MR. BURNS: I can't answer that question. I think that's really a question for the Bosnian Government.

On that issue, though, let me say, we certainly support the Bosnian Government in its quest for detailed information from the Bosnian Serbs and, if it's appropriate and applicable and relevant, from the Serbian Government about missing people.

Betsy, the reason I can't answer more about it, I just don't know what the universe of names is that the Bosnian Government is seeking from the Bosnian Serbs and the Serbs; whether or not these people are included is a question for them.

We support the Bosnian Government. We think that the Serbs owe them an answer about the missing people from Srebrenica and Zepa and from other atrocities that occurred at the hands of the Bosnian Serbs.

At the same time, we think it is absolutely critical that the deadlines be met, the deadlines established under the Dayton Accords. Because if we in the international community allow deadlines to lapse for whatever reason, then this Dayton Accord is not going to hold together. So we have made that abundantly clear to the Bosnian Government as well as to the Bosnian Serb Government.

One of the reasons that Assistant Secretary Shattuck is going out to Sarajevo tonight is to work on this problem with both the Bosnian Government and Bosnian Serb Government.
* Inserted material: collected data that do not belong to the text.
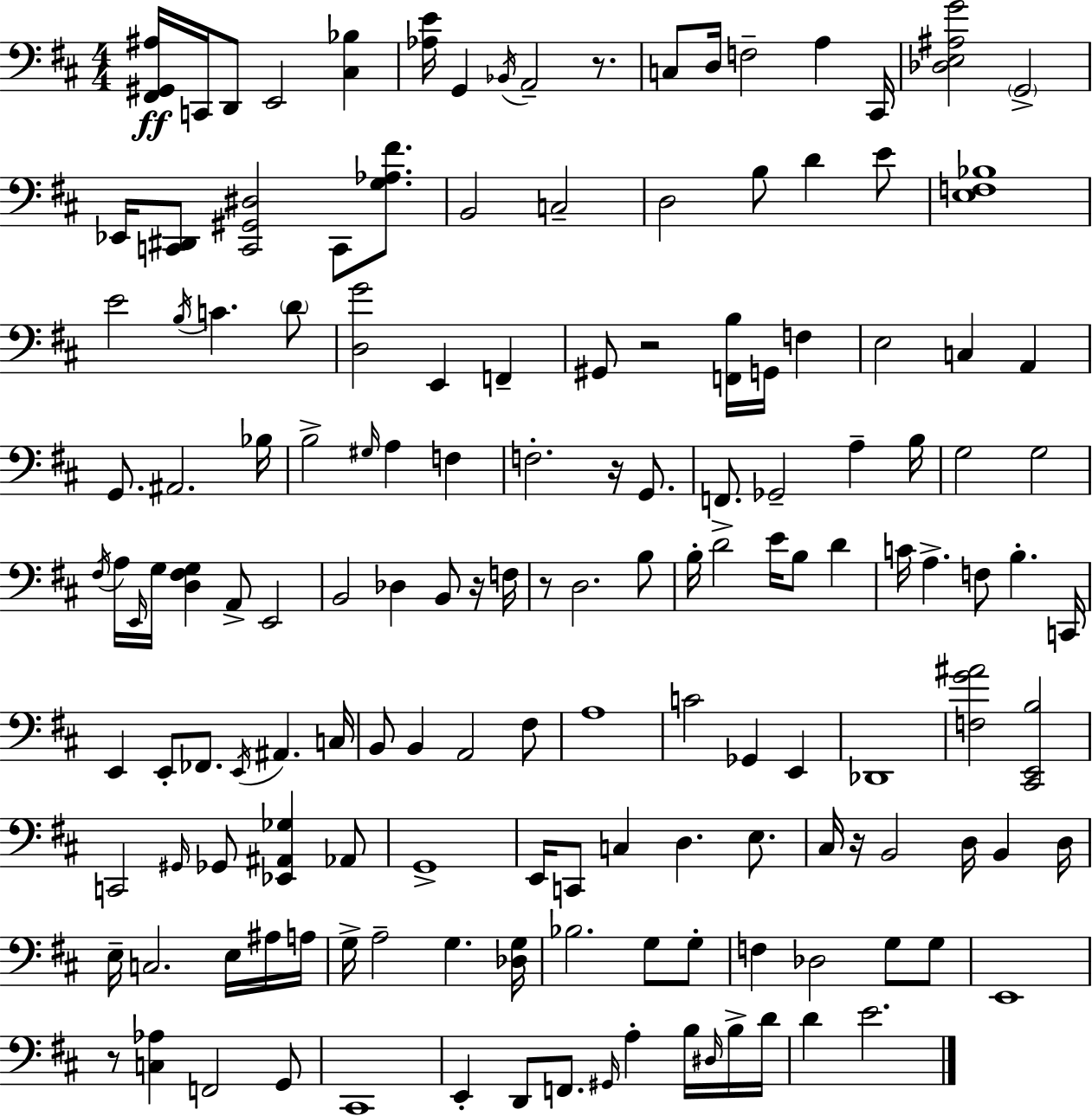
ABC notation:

X:1
T:Untitled
M:4/4
L:1/4
K:D
[^F,,^G,,^A,]/4 C,,/4 D,,/2 E,,2 [^C,_B,] [_A,E]/4 G,, _B,,/4 A,,2 z/2 C,/2 D,/4 F,2 A, ^C,,/4 [_D,E,^A,G]2 G,,2 _E,,/4 [C,,^D,,]/2 [C,,^G,,^D,]2 C,,/2 [G,_A,^F]/2 B,,2 C,2 D,2 B,/2 D E/2 [E,F,_B,]4 E2 B,/4 C D/2 [D,G]2 E,, F,, ^G,,/2 z2 [F,,B,]/4 G,,/4 F, E,2 C, A,, G,,/2 ^A,,2 _B,/4 B,2 ^G,/4 A, F, F,2 z/4 G,,/2 F,,/2 _G,,2 A, B,/4 G,2 G,2 ^F,/4 A,/4 E,,/4 G,/4 [D,^F,G,] A,,/2 E,,2 B,,2 _D, B,,/2 z/4 F,/4 z/2 D,2 B,/2 B,/4 D2 E/4 B,/2 D C/4 A, F,/2 B, C,,/4 E,, E,,/2 _F,,/2 E,,/4 ^A,, C,/4 B,,/2 B,, A,,2 ^F,/2 A,4 C2 _G,, E,, _D,,4 [F,G^A]2 [^C,,E,,B,]2 C,,2 ^G,,/4 _G,,/2 [_E,,^A,,_G,] _A,,/2 G,,4 E,,/4 C,,/2 C, D, E,/2 ^C,/4 z/4 B,,2 D,/4 B,, D,/4 E,/4 C,2 E,/4 ^A,/4 A,/4 G,/4 A,2 G, [_D,G,]/4 _B,2 G,/2 G,/2 F, _D,2 G,/2 G,/2 E,,4 z/2 [C,_A,] F,,2 G,,/2 ^C,,4 E,, D,,/2 F,,/2 ^G,,/4 A, B,/4 ^D,/4 B,/4 D/4 D E2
When we're on the subject of deadlines, I think it's useful to talk about what has to happen by the end of this week. As you remember, the Dayton Accord established very specific guidelines, and specifically those that pertain to IFOR responsibility and refer to commitments by the negotiating parties.
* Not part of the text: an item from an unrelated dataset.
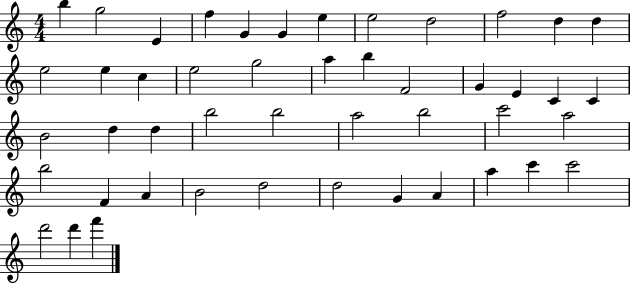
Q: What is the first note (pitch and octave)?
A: B5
On Friday, January 19, of course, that is the date that is 30 days from the transfer of authority from the United Nations to IFOR. It is the deadline for compliance for the following elements of the Dayton Accords: that all armed civilian groups, except authorized police, should be disarmed and disbanded; that there be complete withdrawal of forces to behind the zone of separation, including in Sarajevo; that the parties remove all hazards from the zones of separations in areas of withdrawal and that they mark all hazards that remain such as mines throughout Bosnia, and that they attempt to remove these hazards subsequently as directed by the IFOR commander.

On January 19, IFOR assumes the right to provide military security within the areas that are to be transferred. Additionally, on January 19, the parties provide the Joint Military Commission with a report on the status of their military forces.

Also, as you know -- and this has been in the news lately -- the parties agree to complete the release and transfer of prisoners. We want that to happen by Friday. We're going to work very closely with the parties to make that happen. We think the Bosnian Serbs ought to give some information to the Bosnian Government about just exactly who is missing.

The IFOR commander is currently assessing compliance with the Dayton agreement's provision on withdrawal of foreign forces. When that assessment is complete, I assume that the IFOR commander will speak publicly and issue a report on that. So Friday is an important day. A lot of things have to happen by Friday.

One of the reasons that the United States proposed a Contact Group meeting with Carl Bildt and one of the reasons why Holbrooke and Shattuck will be talking with the Bosnian Government is to try to assess compliance in the day leading up to Friday.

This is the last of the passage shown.